“I want to be a photographer.”
Remember when you said those words to yourself? How long ago was it?
Maybe a few years, months, or even weeks.
In saying so, do you remember the excitement that came along with it? Maybe it was a leap of faith or a lifelong dream, but becoming a photographer was something in your heart that you knew you wanted to do.
From there, you scoured the internet, read articles, watched videos, took online courses and practiced all things photography.
Rules, rules and more rules. More learning, more rules. More practice, more rules.
At least, that is how my journey came to be.
After spending years agonizing over rules, settings, composition, advice from this person, advice from that person, I was stuck, stagnant and at a crossroads. I couldn’t put a finger on why. Then it hit me; the lingering question on my mind was regarding my voice and style.
Finding voice and style is big milestone that comes up during a photographer’s journey. If you are feeling stuck, unsure, or confused about defining yours, hopefully some of these tips that helped me find my voice can help you continue to move forward in cultivating your own.
Be honest with yourself, but don’t beat yourself up.
After years of learning the rules and working on applying for ClickPro, I felt it. Stuck. Very stuck. I wasn’t inspired at all, felt my photos were lackluster and couldn’t find that “creative groove.” But during that time I was too harsh and overly critical of every photo I took. I went straight for the negative: “This is terrible. I am no good. I am obviously an awful photographer.” Instead, I should have given myself more grace and better constructive criticism. If you are having identity issues with your work, be honest, but don’t fret. The fact that you are taking time to subjectively look at your work in an honest, positive light is the first step and allows more room for artistry to grow.
Learn the rules. Then break them, but don’t forget them.
I remember learning the rules and also remember thinking to myself, “I must follow them all. All of them. And if I break them the photo isn’t good.” Probably a huge reason why I felt so stuck, right? Now, I definitely bend the rules and know it, but those rules are always in the back of my head. Finding voice and style is also finding that delicate balance of being a little rebellious and studious at the same time.
There is no such thing as perfect, normal, or ideal.
I have never been big on the word, “perfect.” I truly think there is no such thing and when it comes to my photography, definitely not. But I had to take some serious time to get to that point. I would clone, dodge, burn, crop and try to “fix” photos because I thought they were not “perfect.” Then after working so hard on them I would delete them all. This plays hand in hand with breaking the rules but not forgetting them. Now I can look at a photo, see that I may have a strange crop or blown highlights, but know why I love it and how it fits in with the rest of my work.
Turn off the noise.
When we are early in our journey our first instinct is to ask lots and lots of questions; that is good. But be careful of having too many sources and too much information, especially when you are trying to find your artistry and voice. At one point I had information overload. To remedy it, I entrusted one or two really good BPFs (best photography friends) and asked them for help and advice. Then, I turned off the rest of the noise, including social media.

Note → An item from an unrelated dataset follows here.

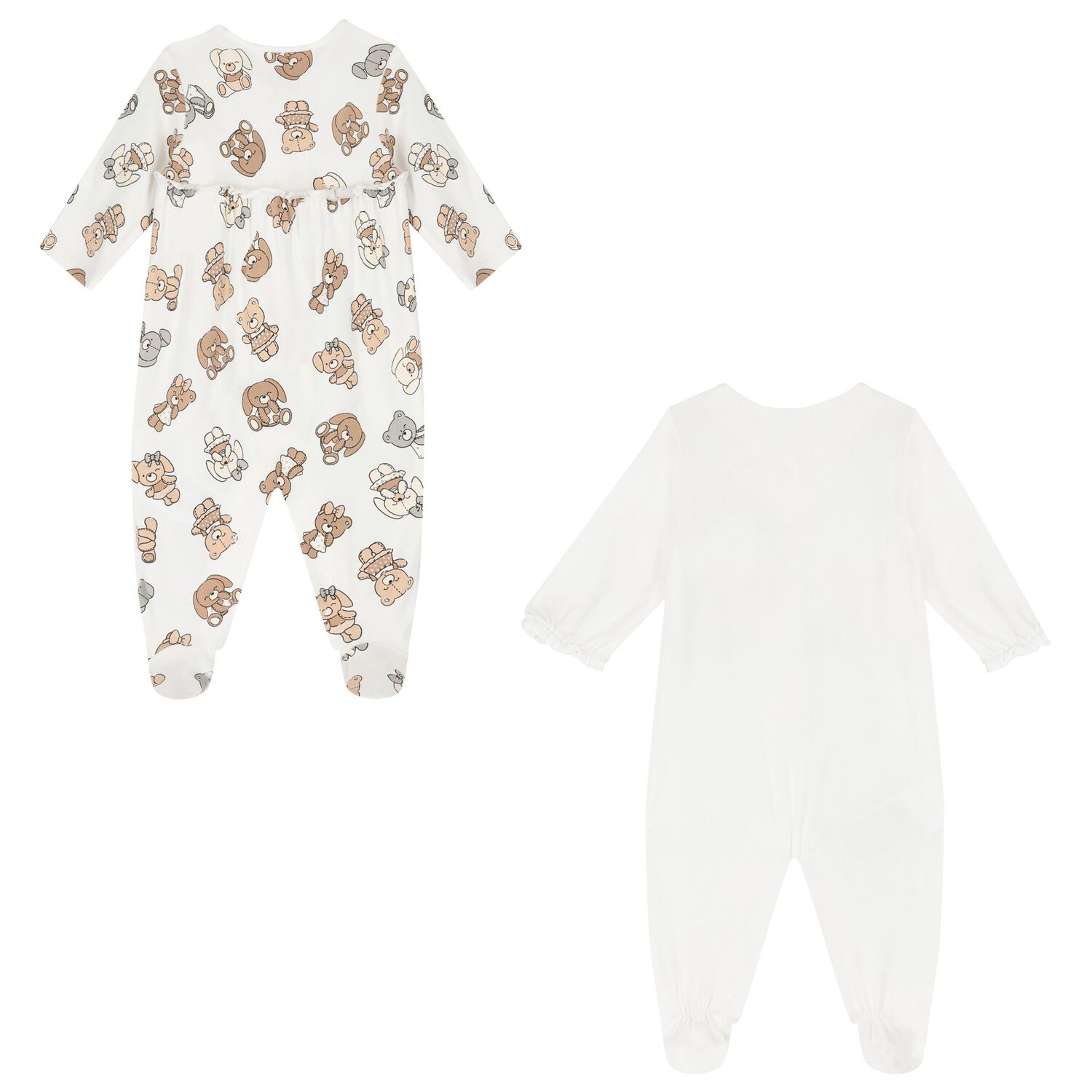 Baby Girls White Bear & Bunny Babygrows ( 2-Pack ), 3, hi-res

Shoot what you love and love what you shoot.
Speaking of BPFs, one of them once told me to “shoot what you love” and that resonates with me everyday. For weeks and months on end, I didn’t like any of my work because I was taking photos of things that I thought were just “okay.” Honestly, I was taking photos of what I “thought” I should be taking photos of and truly didn’t find much interest in them. This was totally backwards and off. But once I heard this advice and started each day of focusing in on only shooting things that I wanted to shoot and loving what I shot my voice and style shined.
Make up your own rules.
Whether it be editing or a specific way of shooting, make up your own way of how YOU want to be known and defined. As I sit and think of some photographers who truly inspire me, they blaze their own trails when it comes to their artwork and it makes me admire them that much more.
Listen to your gut, heart, and brain all at once.
My artistry and voice seemed to all come together when I used my gut, heart, and brain simultaneously. My gut would drive me to pick up my camera every single day. My heart would help find emotion, love and connection in all of my work. My brain would help me find the delicate balance between breaking rules but still remembering them.